Task details —
Please write out all of the entries beneath this line exactly, skipping the pictures.

=== Data for the task ===

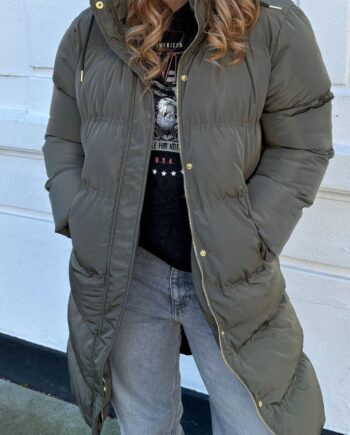 Neo Noir Jakke Lucette Puffer Olive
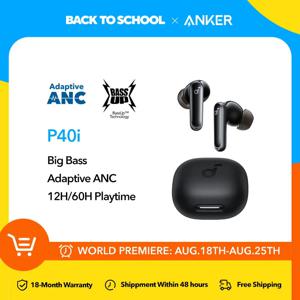 Anker Soundcore 노이즈 캔슬링 무선 이어버드, ANC 무선 블루투스 헤드폰, 60H 재생 시간 블루투스 이어폰, P40i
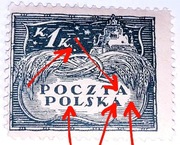 Usterka druku. Znaczek Fi 80B. Czysty.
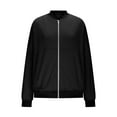 thumbnail image 3 of APEXFWDT Women's Zip Up Sweatshirt Jacket - Crew Neck Long Sleeve Pockets Jacket Athletic Casual Wear,XXL,Black, 3 of 9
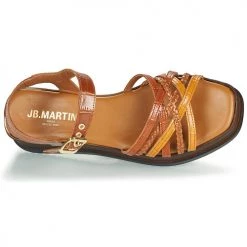 Chaussures Femme Sandales et Nu-pieds JB Martin DAPHNE Orange -Sandales Soldes Boutique 20735572 500 F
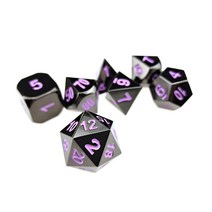 보드 게임 주사위 wetd metal dice polyhedral 7 die set many colors collection dnd bag rpg 게임 액세서리 큐브 파우치 인, 4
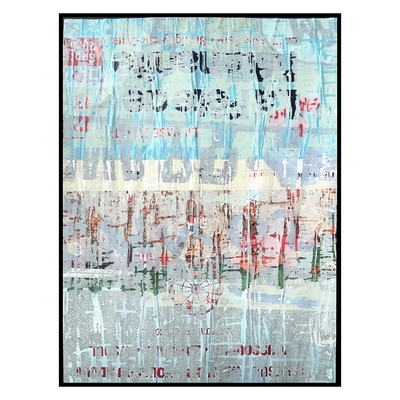 ussou, décollage, 59,1 x 44,2 cm, 2025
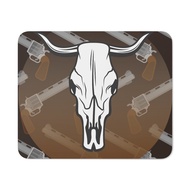 Bull Skull Guns Pattern M2 Mouse Pad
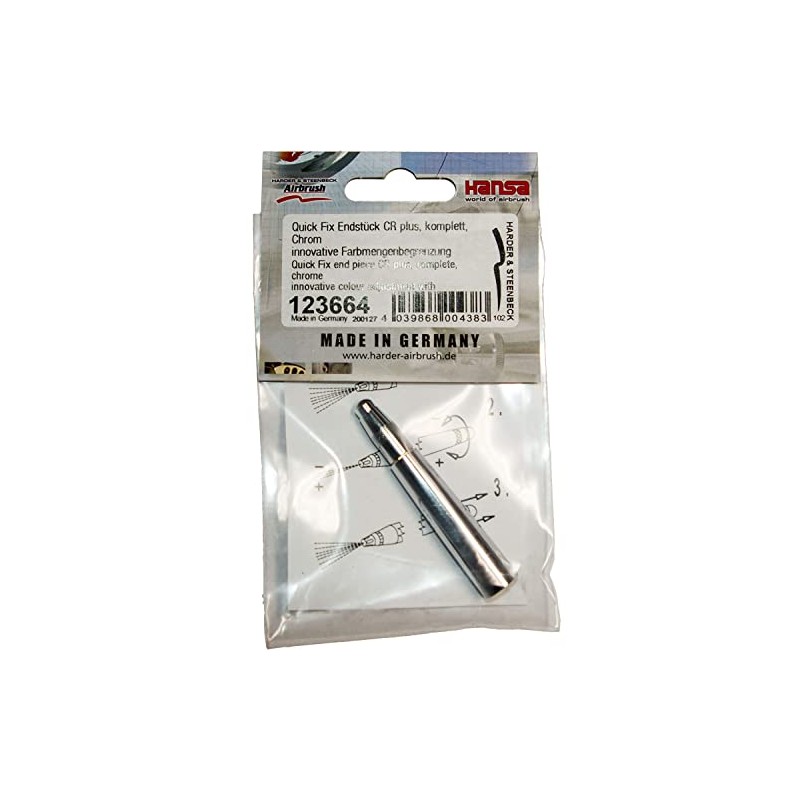 Harder & Steenbeck Quick Fix end Piece CR Plus, Complete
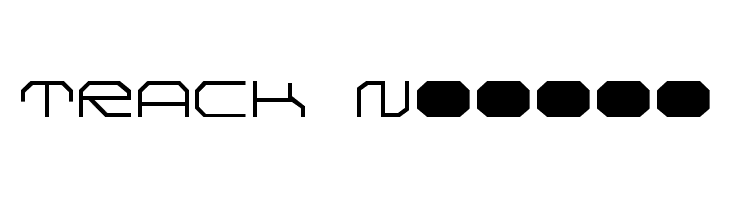 TRACK Normal Font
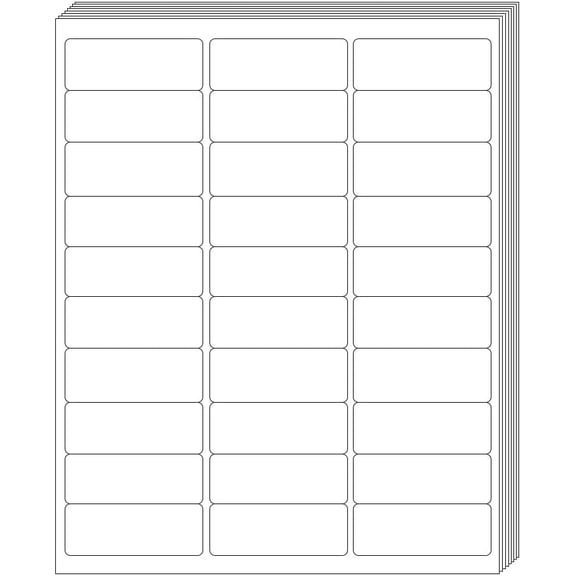 1" x2-5/8 Self Adhesive Address Labels, 30UP Blank Shipping Labels, FUSKU, FBA Mailing Labels for Inkjet and Laser Printer, 3000 Sticker Labels (100 Sheets), 30 Labels per Sheet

===

Worked solution —
 Neo Noir Jakke Lucette Puffer Olive
 Anker Soundcore 노이즈 캔슬링 무선 이어버드, ANC 무선 블루투스 헤드폰, 60H 재생 시간 블루투스 이어폰, P40i
 Usterka druku. Znaczek Fi 80B. Czysty.
 thumbnail image 3 of APEXFWDT Women's Zip Up Sweatshirt Jacket - Crew Neck Long Sleeve Pockets Jacket Athletic Casual Wear,XXL,Black, 3 of 9
 Chaussures Femme Sandales et Nu-pieds JB Martin DAPHNE Orange -Sandales Soldes Boutique 20735572 500 F
 보드 게임 주사위 wetd metal dice polyhedral 7 die set many colors collection dnd bag rpg 게임 액세서리 큐브 파우치 인, 4
 ussou, décollage, 59,1 x 44,2 cm, 2025
 Bull Skull Guns Pattern M2 Mouse Pad
 Harder & Steenbeck Quick Fix end Piece CR Plus, Complete
 TRACK Normal Font
 1" x2-5/8 Self Adhesive Address Labels, 30UP Blank Shipping Labels, FUSKU, FBA Mailing Labels for Inkjet and Laser Printer, 3000 Sticker Labels (100 Sheets), 30 Labels per Sheet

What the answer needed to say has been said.